Scraped caption text data:
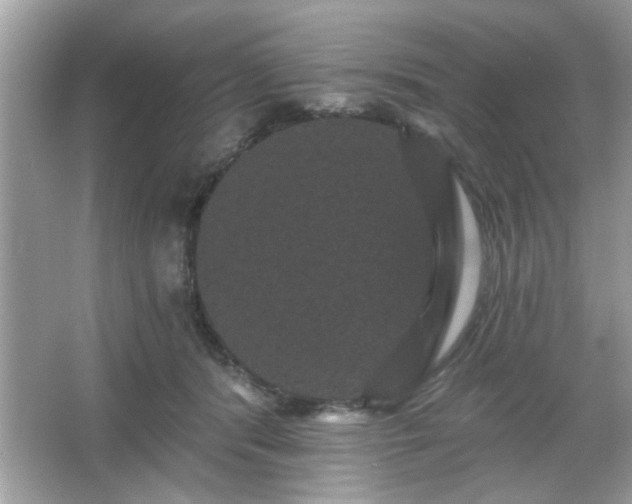 X0000065990416200603101510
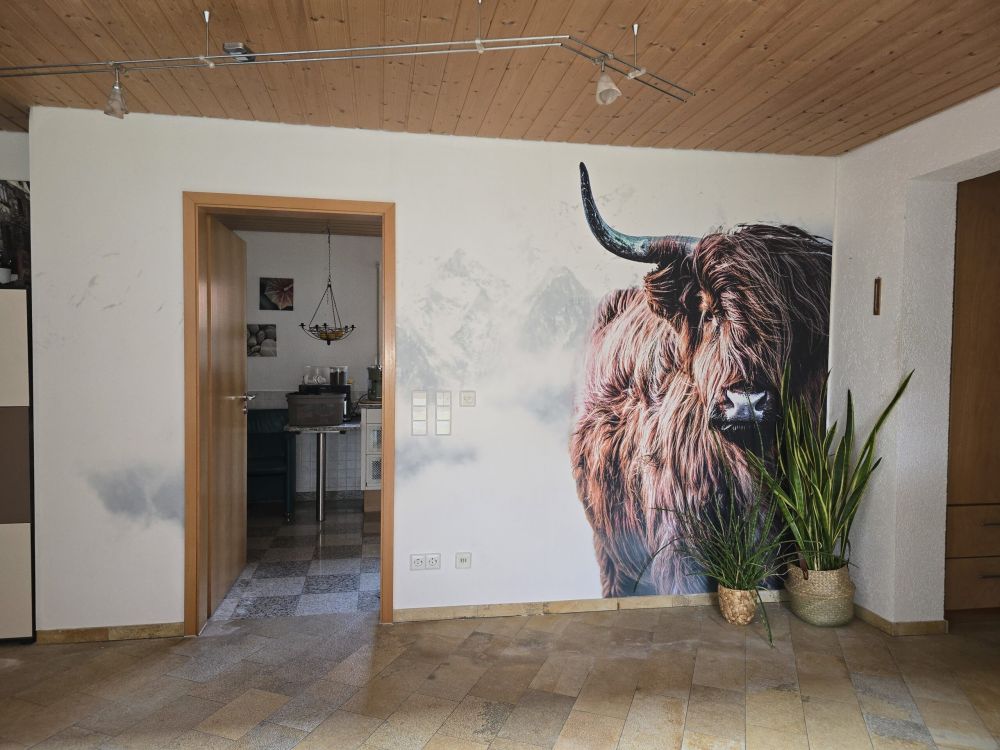Scottish Highlander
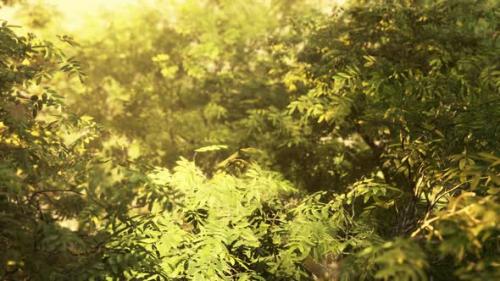 Videohive - Sunbeams in Foggy Green Forest - 47640302 - 47640302
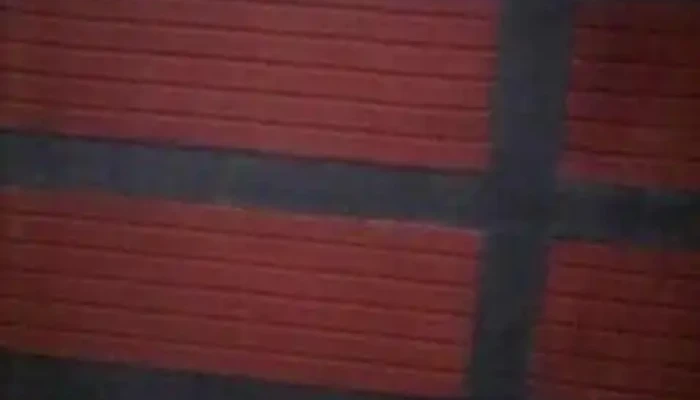 Adp Sonido Iluminacion Videos - Salsacate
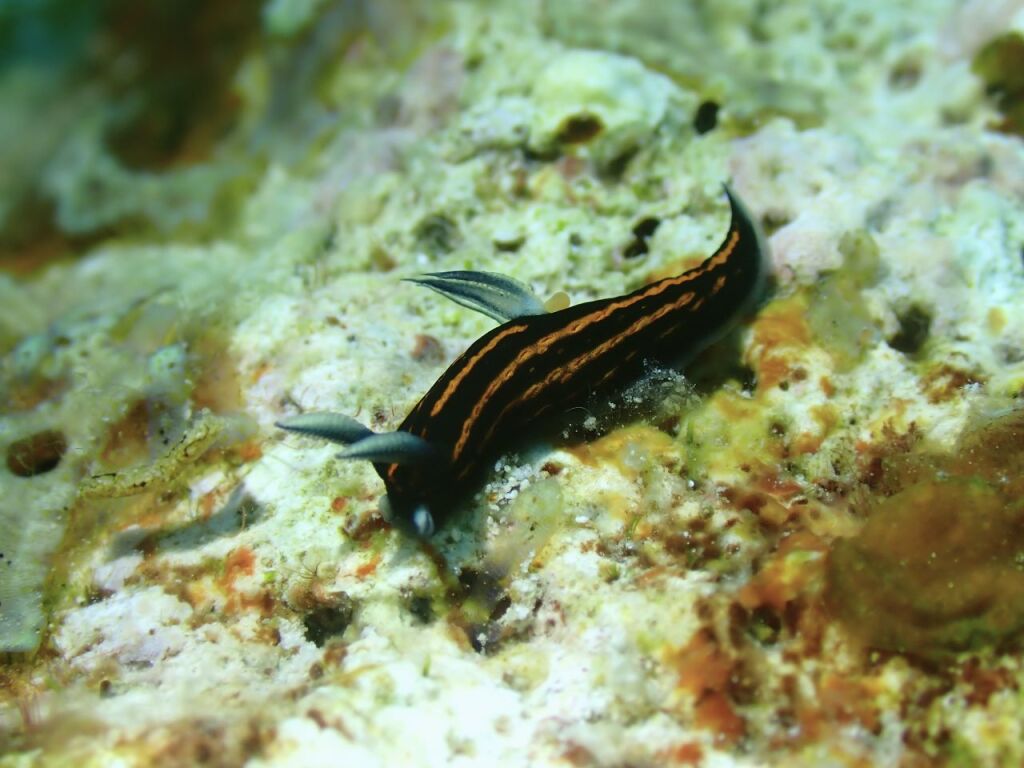 リュウグウウミウシ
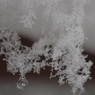 雪垂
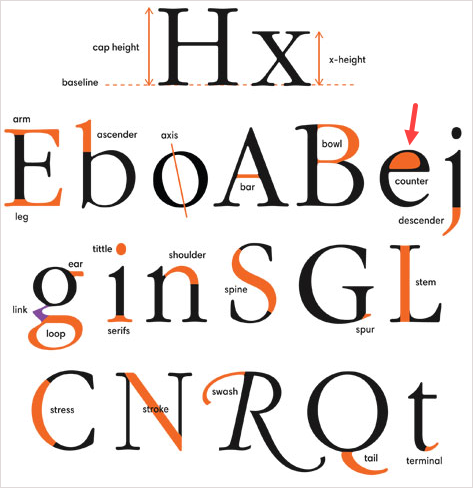 Components of typography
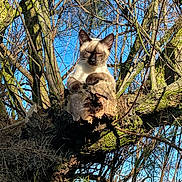 Vicco a rejoint le concours — aidez-le/la à gagner de superbes lots ! animal, branches, calm, cat, closeup, daylight, feline, moss, nature, outdoor, peaceful, perched, resting, siamese, sky, sunlight, tree, trunk, wildlife, wood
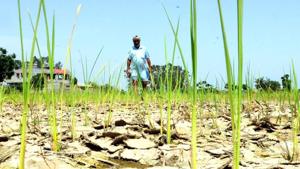 An agriculture department official said the government sanitised the data and found 25.90 lakh beneficiaries eligible for getting the second instalment of Rs 5000.(HT Photo (Representative Image)) An agriculture department official said the government sanitised the data and found 25.90 lakh beneficiaries eligible for getting the second instalment of Rs 5000.(HT Photo (Representative Image))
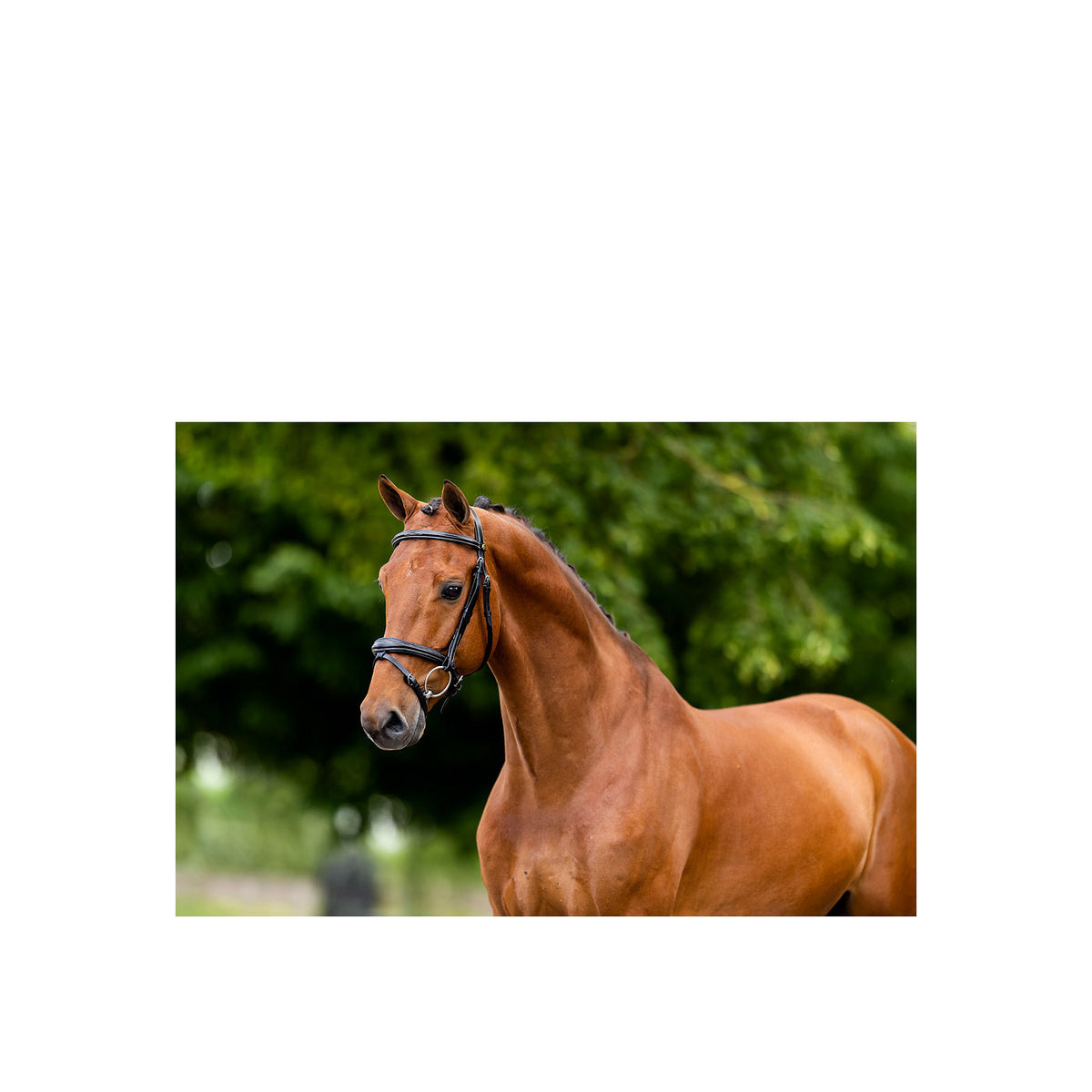 BR Bridle Cheltenham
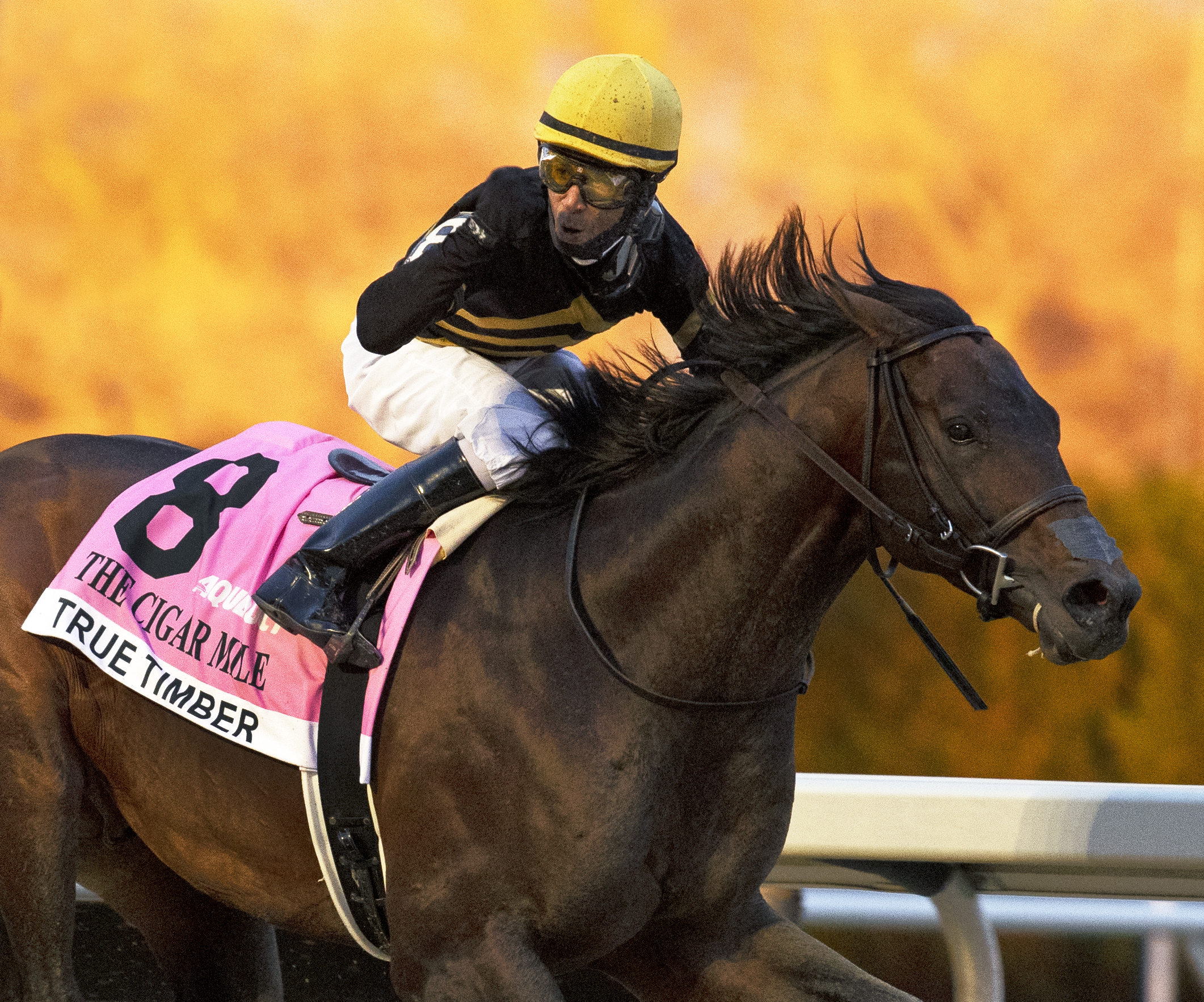 True Timber wins the Cigar Mile 12-5-2020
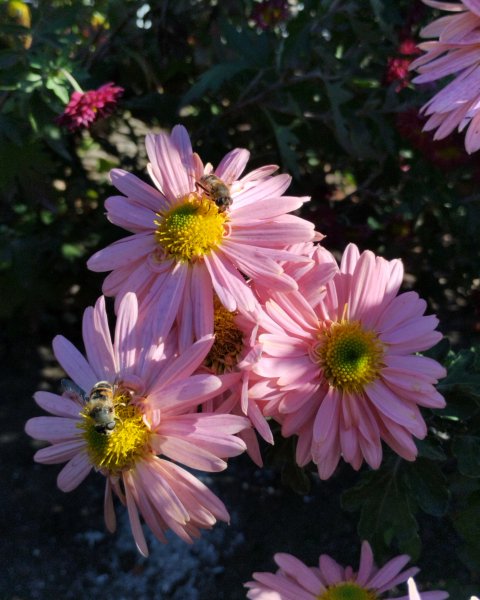 IMG 20231107 160725 936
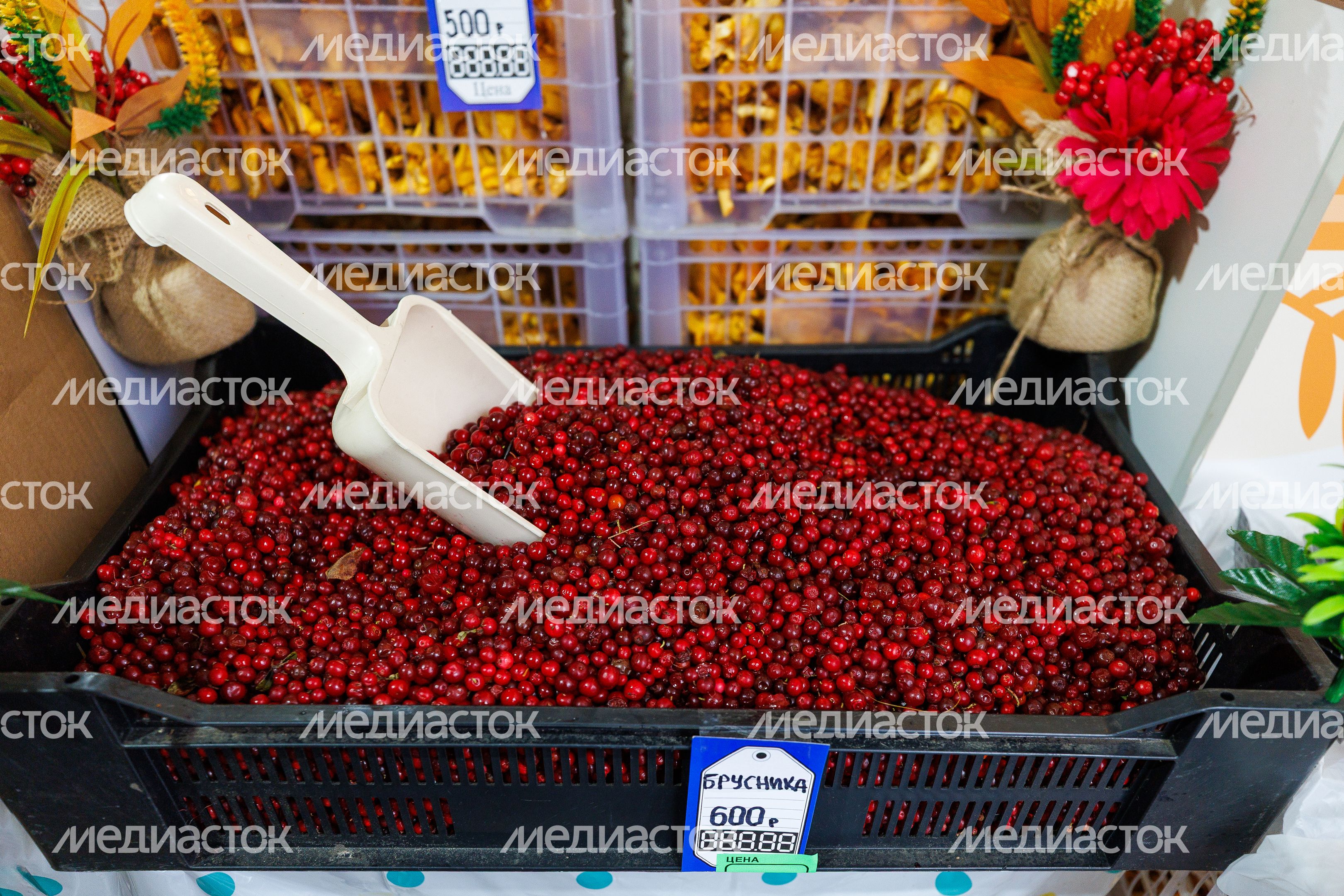 Продукция местных фермеров на ярмарке подмосковных брендов «100% Подмосковье. Встречаем осень» в Красногорске Продукция местных фермеров на ярмарке подмосковных брендов «100% Подмосковье. Встречаем осень» в Красногорске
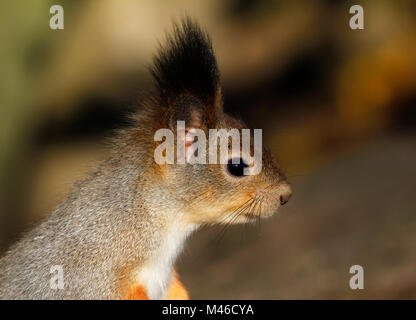 Head of the Red Squirrel Sciurus vulgaris seen from side, Finland. Stock Photo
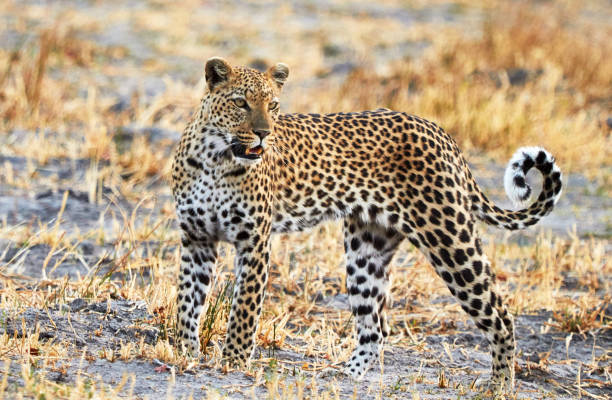 istock Moremi, Botswana Wildlife pictures 1395569090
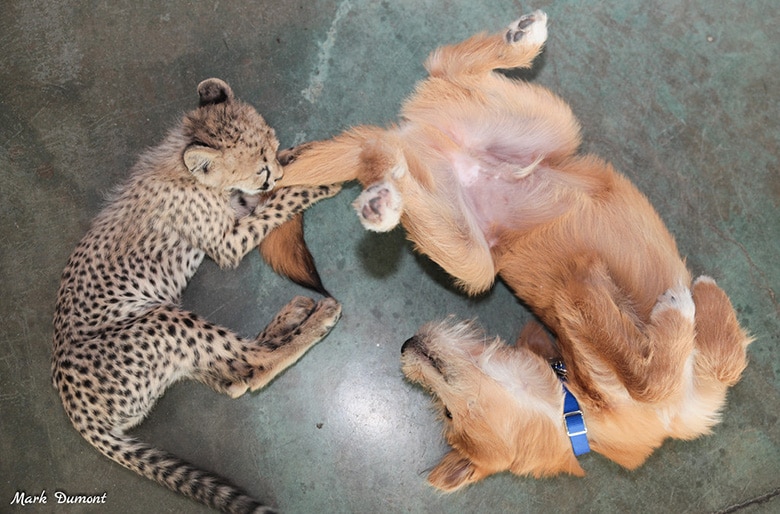 A dog and a cheetah cub playing on the floor at the zoo.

# WORK INSTRUCTIONS
In the data above, find the line with "Vicco a rejoint" and repeat it and every line after it through the end, exactly; leave the pictures out.

# RESULT OF THE EXERCISE
 Vicco a rejoint le concours — aidez-le/la à gagner de superbes lots ! animal, branches, calm, cat, closeup, daylight, feline, moss, nature, outdoor, peaceful, perched, resting, siamese, sky, sunlight, tree, trunk, wildlife, wood
 An agriculture department official said the government sanitised the data and found 25.90 lakh beneficiaries eligible for getting the second instalment of Rs 5000.(HT Photo (Representative Image)) An agriculture department official said the government sanitised the data and found 25.90 lakh beneficiaries eligible for getting the second instalment of Rs 5000.(HT Photo (Representative Image))
 BR Bridle Cheltenham
 True Timber wins the Cigar Mile 12-5-2020
 IMG 20231107 160725 936
 Продукция местных фермеров на ярмарке подмосковных брендов «100% Подмосковье. Встречаем осень» в Красногорске Продукция местных фермеров на ярмарке подмосковных брендов «100% Подмосковье. Встречаем осень» в Красногорске
 Head of the Red Squirrel Sciurus vulgaris seen from side, Finland. Stock Photo
 istock Moremi, Botswana Wildlife pictures 1395569090
 A dog and a cheetah cub playing on the floor at the zoo.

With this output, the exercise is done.